The Australian Financial Complaints Authority (AFCA) has told the House of Representatives Standing Committee on Economics that the ADL represented a “very tough test”.

“It really should only have very limited application, if at all,” AFCA’s lead ombudsman, insurance, John Price told the committee.

He was answering questions from the committee’s deputy chair, Labor’s Dr Andrew Leigh, who referenced a recent Australian Securities and Investments Commission (ASIC) report which suggested that claims denial rates for people under the ADL regime were close to 60%.

Leigh described the 60% number as “outrageously high”.

Later, in answering questions from Leigh the chief executive of major insurer, TAL, Brett Clark pointed to impending changes to the ADL regime.

Discussing TAL’s claims denial rate of 44% with respect to ADL, Clarke said: “Clearly there are opportunities to be better than that, and we're working with our industry and also our superannuation fund partners on what might be a better benefit design than ADL”.

“Will you commit to not relying on the ADL test as unemployment spikes? You're denying half the claims, and increasingly, as the jobless rate goes up, it's tempting to use the ADL test and keep rejecting half the claims,” Leigh asked.

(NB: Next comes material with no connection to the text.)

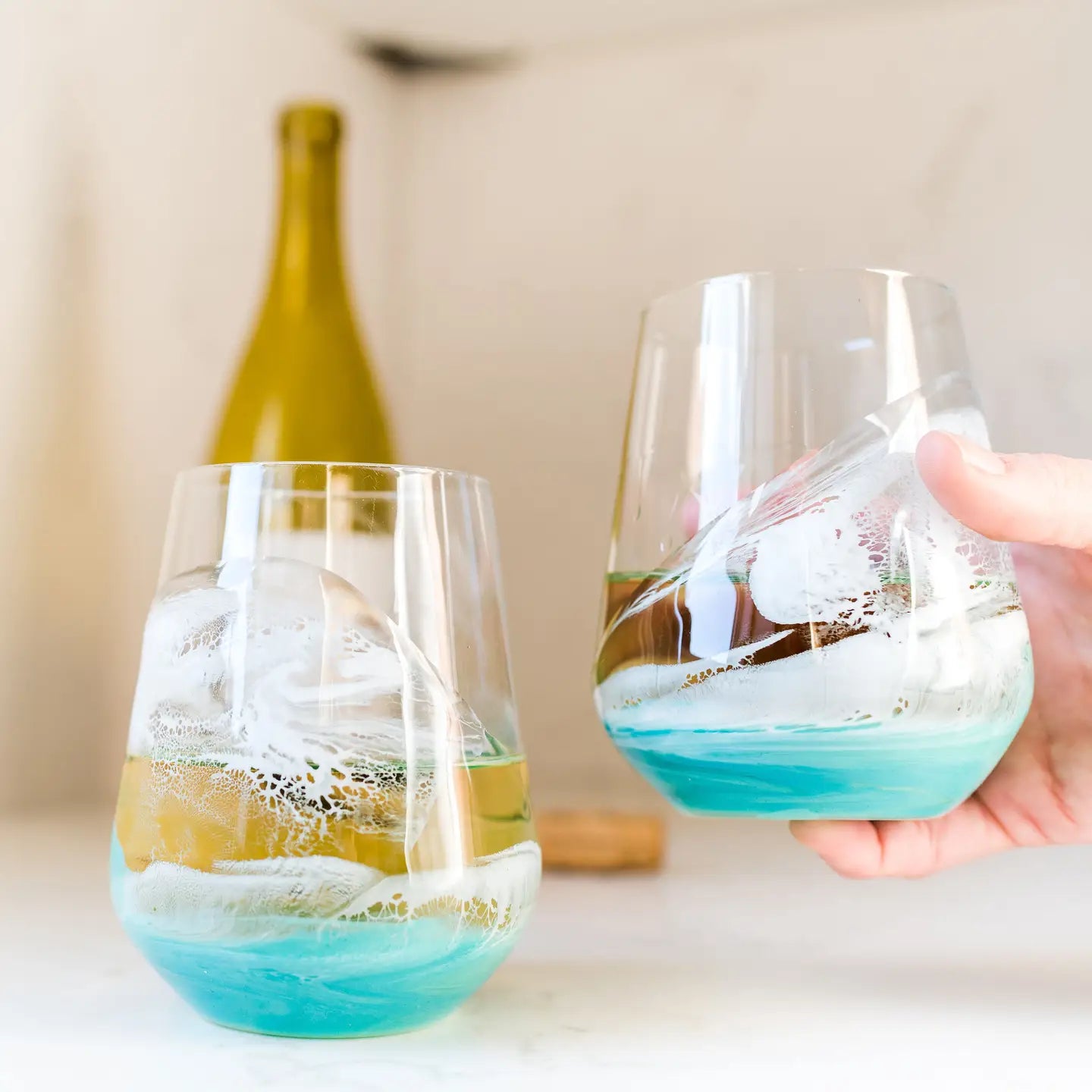 Caribbean Blue Resin Coated Wine Glasses (Set of 2)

Clark responded: “We're very aware of and sensitive to this issue in particular. It's important to understand, for the committee's benefit, that generally these ADL definitions will only apply after someone has ceased working for a six or 12-month period. In that intervening time, they will continue to retain their existing definition before it moves to an ADL definition. But we're very aware of and sensitive to this issue and working through it”.